Moscou a gagné la Crimée mais perdu l’Ukraine. Le bilan de la guerre non déclarée que la Russie a menée chez son voisin ukrainien est paradoxal. Kiev a fait deux révolutions pour gagner sa pleine indépendance et se libérer une fois pour toutes de la tutelle de Moscou. Le Kremlin devait réagir. Mais comment? Au lieu de négocier un partenariat qui aurait maintenu l’Ukraine dans sa sphère d’influence, par ses actions militaires, Vladimir Poutine a fait grandir un patriotisme encore naissant en Ukraine. Désormais, il est pour les Ukrainiens la cause de tous les maux.
Après la prise de l’aéroport de Simferopol par des troupes sans insigne, le Conseil de la Fédération de Russie autorisait le déploiement de troupes russes dans la péninsule. L’importance stratégique de la base militaire de Sébastopol sur la mer Noire et une aspiration des populations locales à rejoindre la «mère patrie» justifiaient l’opération. En mars, le parlement de Crimée réclamait l’annexion, puis déclarait l’indépendance. Le résultat du référendum organisé dans un climat lourd légitimait définitivement le processus de rattachement à la Russie qui aurait pris quelques semaines.
Menée tambours battants par Vladimir Poutine, cette annexion a fait souffler un vent froid dans tous les pays voisins de la Russie. Et particulièrement chez ceux qui comptent une minorité russophone. Le maître du Kremlin s’était d’ailleurs posé explicitement en protecteur des minorités russes de l’étranger, inquiétant même son partenaire et vieux dictateur biélorusse, Alexandre Loukachenko.
Le soutien militaire aux séparatistes du Donbass dans l’est de l’Ukraine – où l’attachement à l’Ukraine dans la population est plus fort qu’en Crimée – n’a fait qu’amplifier les craintes des jeunes démocraties de l’Est. Dans les pays Baltes, en Pologne et jusqu’en Roumanie, l’annexion de la Crimée provoquait une demande de réassurance de la part de l’OTAN.

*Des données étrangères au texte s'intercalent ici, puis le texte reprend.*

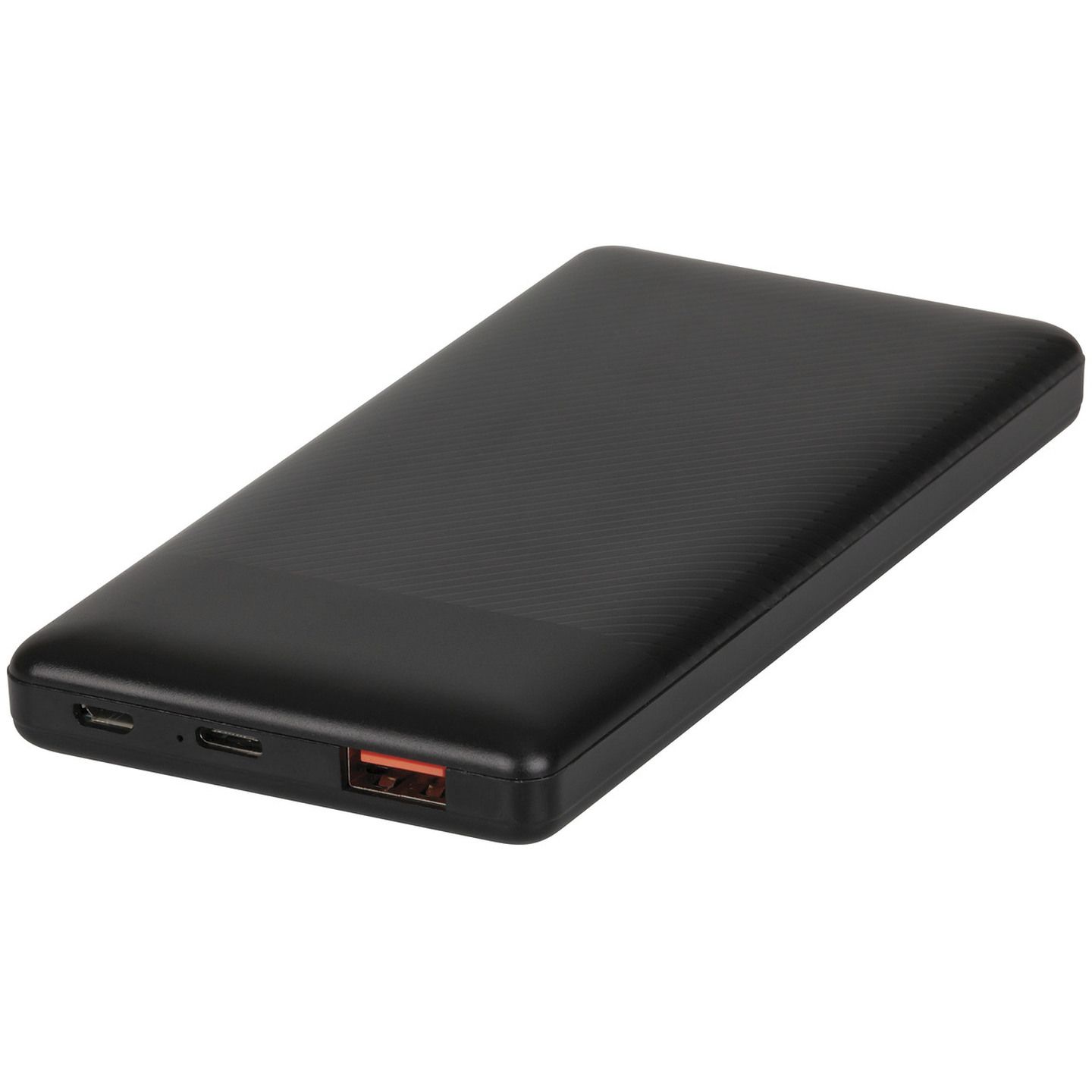 Powertech 10000mAh Power Bank with USB-C and USB-A Ports in Black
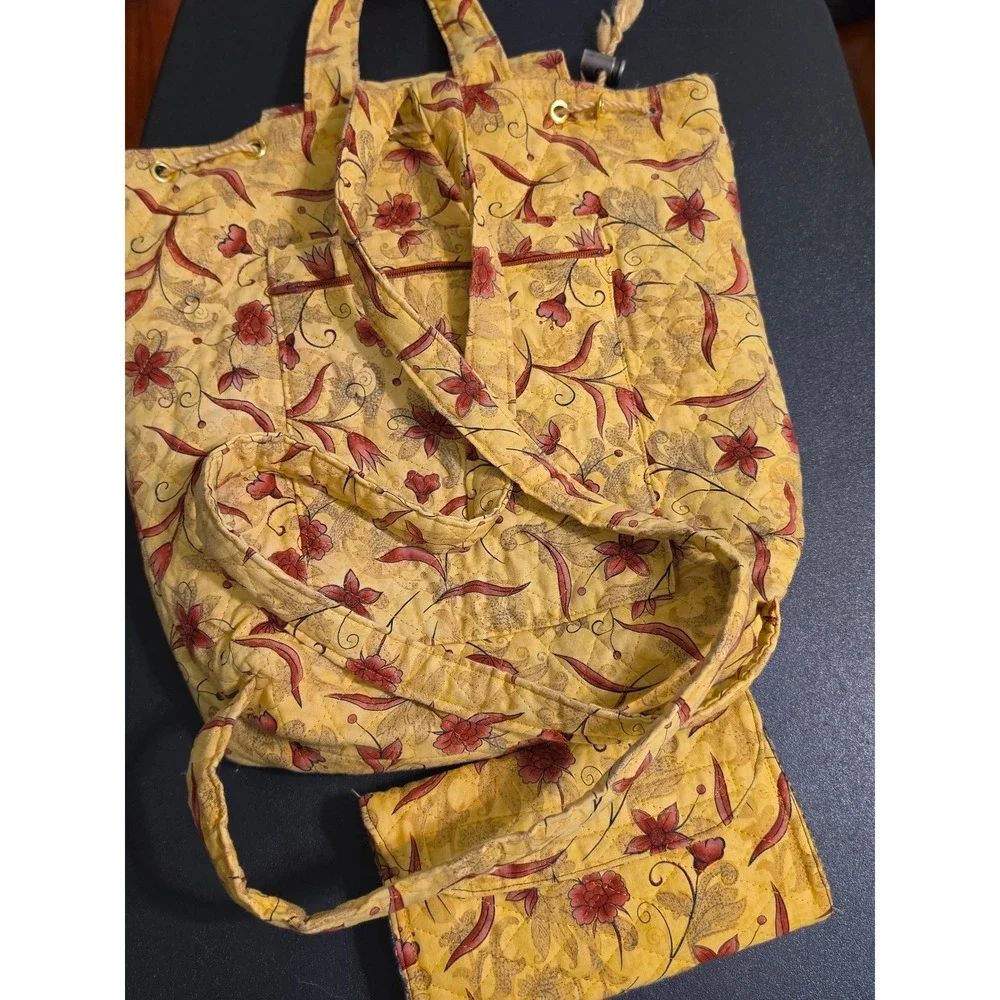 Yellow Floral Quilted Cotton Drawstring Backpack and Matching Wallet Set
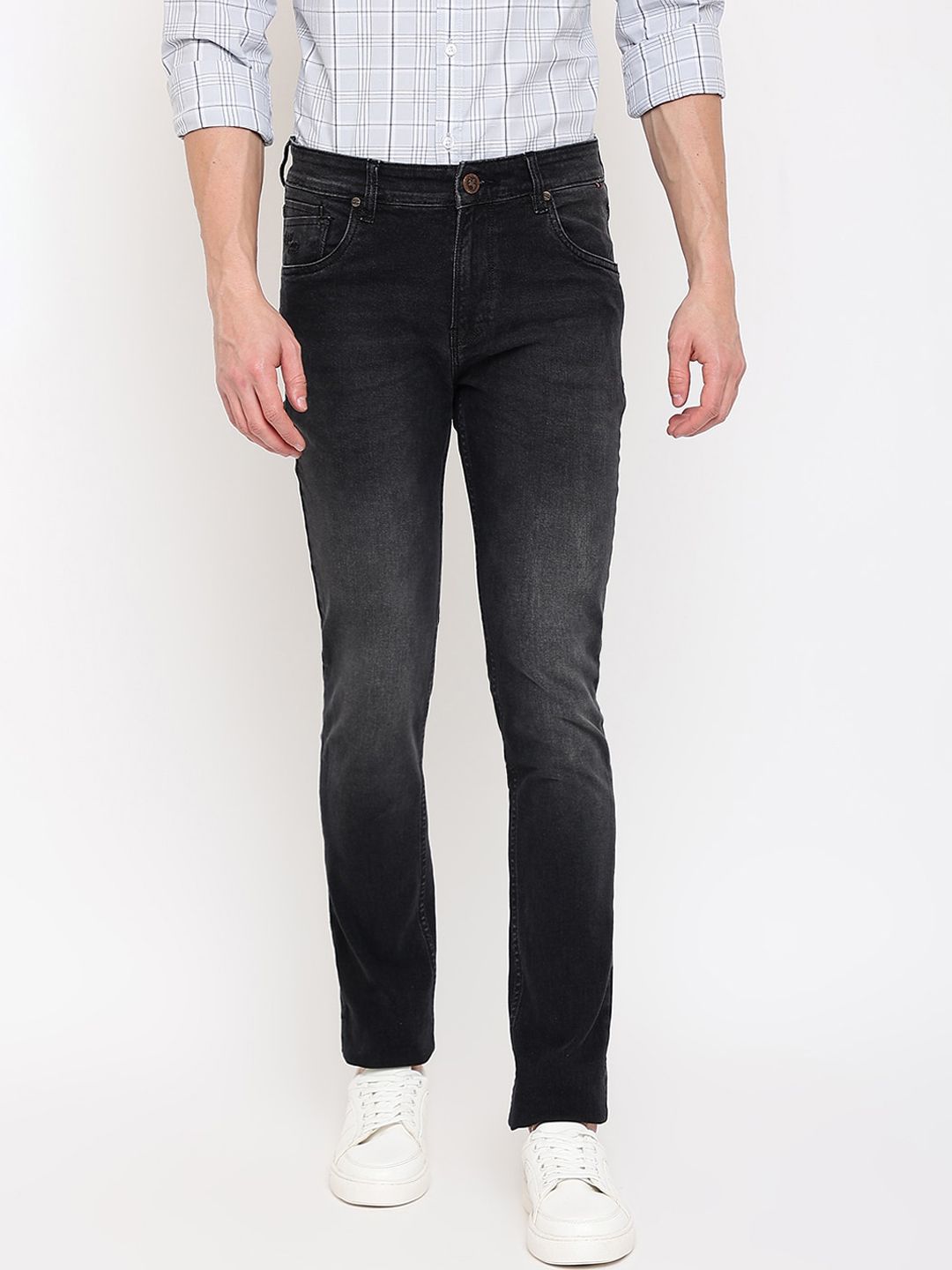 Cantabil Men Mid Rise Light Fade Regular Fit Cotton Jeans-picture-12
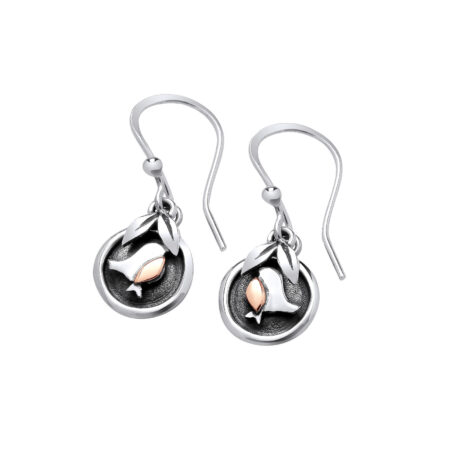 Robin drop earrings with leaves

Malgré la fin de la guerre froide et la coopération qui s’était mise en place entre l’Alliance atlantique et la Russie, la logique des blocs est réapparue à la suite de cette annexion par la force. Le régime de sanctions mis en place par Washington et Bruxelles a touché les oligarques proches du Kremlin, que Poutine doit ménager pour s’assurer leur soutien. La Crimée, qui souffrait déjà de la fin des approvisionnements par terre, en provenance d’Ukraine, vient d’être frappée à son tour par des restrictions d’échanges imposées par l’Union européenne.
La semaine dernière, le Polonais Donald Tusk, nouveau président du Conseil européen, a appelé à une «stratégie adéquate et solide, à la fois ferme et responsable» vis-à-vis de la Russie. Avec la baisse du prix du pétrole et une chute du rouble – qui a perdu 42% de sa valeur depuis le début de l’année – Poutine pourrait revoir sa politique en Ukraine. La Crimée restera dans le giron. Mais à quel prix!